Welfare of laying hens: code of practice

The code aims to help those responsible for laying hens to look after them properly.


Environment

Ventilation, temperature

Schedule 1, paragraph 13 of the Welfare of Farmed Animals (Scotland) Regulations 2010 (S.S.I. 2010 No. 388) states that:

Air circulation, dust levels, temperature, relative air humidity and gas concentrations must be kept within limits which are not harmful to the animals.

48 Provision of insulation and ventilation should be designed to avoid heat and cold stress. Care should be taken to protect confined birds from draughts in cold conditions.

49 Birds, particularly those in cages, should not be exposed to strong direct sunlight or hot surroundings long enough to cause heat stress as indicated by prolonged panting.

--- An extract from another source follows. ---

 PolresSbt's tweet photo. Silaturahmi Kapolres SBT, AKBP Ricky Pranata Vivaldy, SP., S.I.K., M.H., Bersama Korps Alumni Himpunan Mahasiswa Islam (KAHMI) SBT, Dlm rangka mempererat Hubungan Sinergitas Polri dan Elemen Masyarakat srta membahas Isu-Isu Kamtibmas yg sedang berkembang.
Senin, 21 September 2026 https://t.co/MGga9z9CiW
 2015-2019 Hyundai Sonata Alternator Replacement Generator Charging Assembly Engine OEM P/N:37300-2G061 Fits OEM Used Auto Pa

50 In the event of feather loss, steps should be taken wherever possible to ensure that hens are not subjected to cold stress; for example, hens should be given more food.

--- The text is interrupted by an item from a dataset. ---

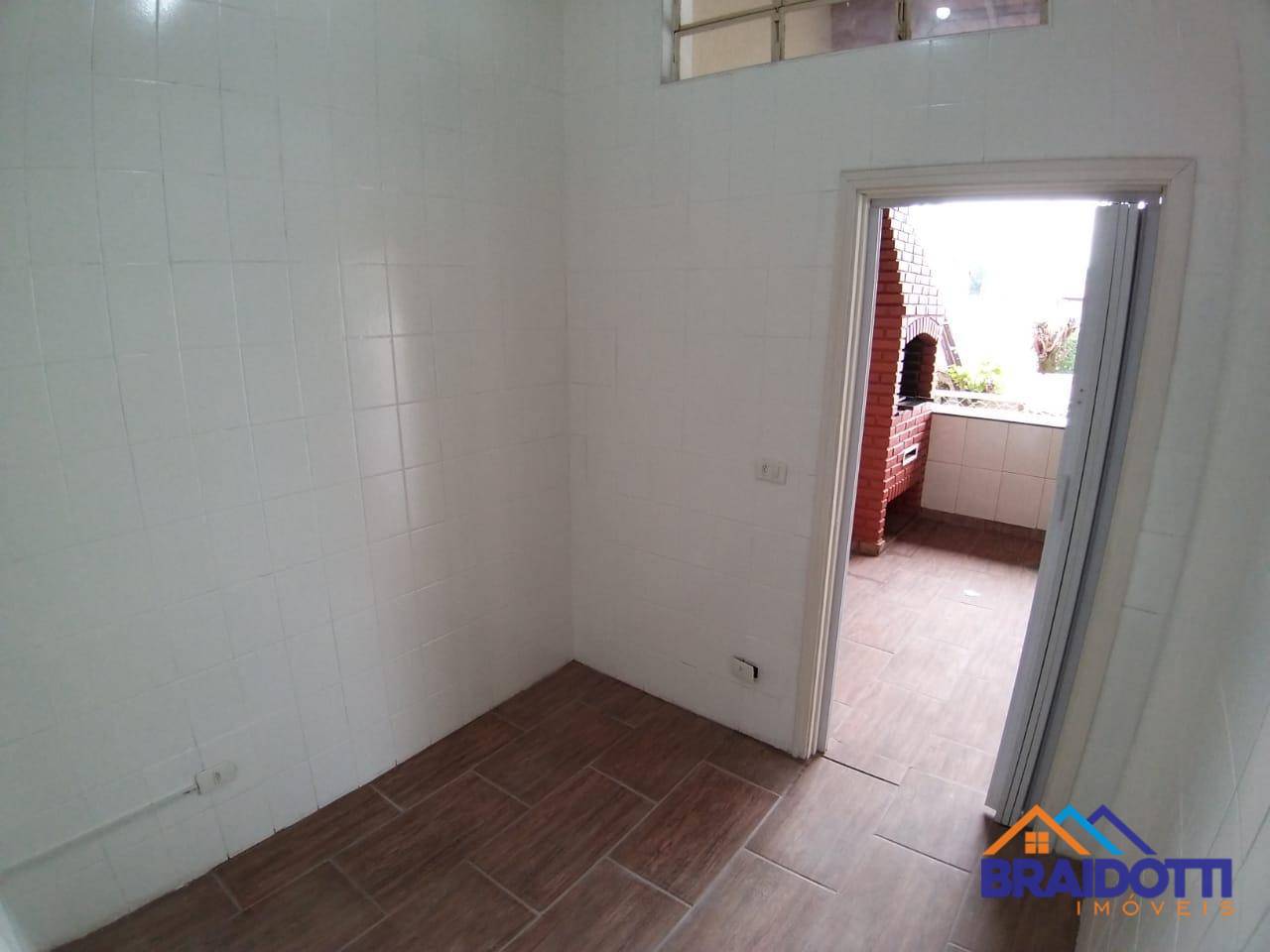 Chácara à venda com 3 quartos, 300m² - Foto 7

51 The ventilation system, and facilities for storing and handling litter and manure should be designed, maintained and managed to prevent the exposure of birds to gases such as ammonia, hydrogen sulphide, carbon dioxide, carbon monoxide in concentrations which cause discomfort to the birds or which are detrimental to their health.

Light

Schedule 1, paragraphs 14-16 of the Welfare of Farmed Animals (Scotland) Regulations 2010 (S.S.I. 2010 No. 388), state that:

  • animals kept in buildings must not be kept in permanent darkness
  • where the natural light available in a building is insufficient to meet the physiological and ethological needs of any animals being kept in it then appropriate artificial lighting must be provided
  • animals kept in buildings must not be kept without an appropriate period of rest from artificial lighting

Schedule 3, Part 2, paragraph 4 of The Welfare of Farmed Animals (Scotland) Amendment Regulations 2010 (S.S.I. 2010 No. 388) provides that:

  • all buildings must have light levels sufficient to allow all hens to see one another and be seen clearly, to investigate their surroundings visually and to show normal levels of activity. Where there is natural light, light apertures must be arranged in such a way that light is distributed evenly within the accommodation
  • after the first days of conditioning, the lighting regime must be such as to prevent health and behavioural problems. Accordingly, it must follow a 24-hour rhythm and include an adequate uninterrupted period of darkness lasting about one-third of the day, so that the hens may rest and to avoid problems such as immunodepression and ocular anomalies. A period of twilight of sufficient duration ought to be provided when the light is dimmed so that the hens may settle down without disturbance or injury.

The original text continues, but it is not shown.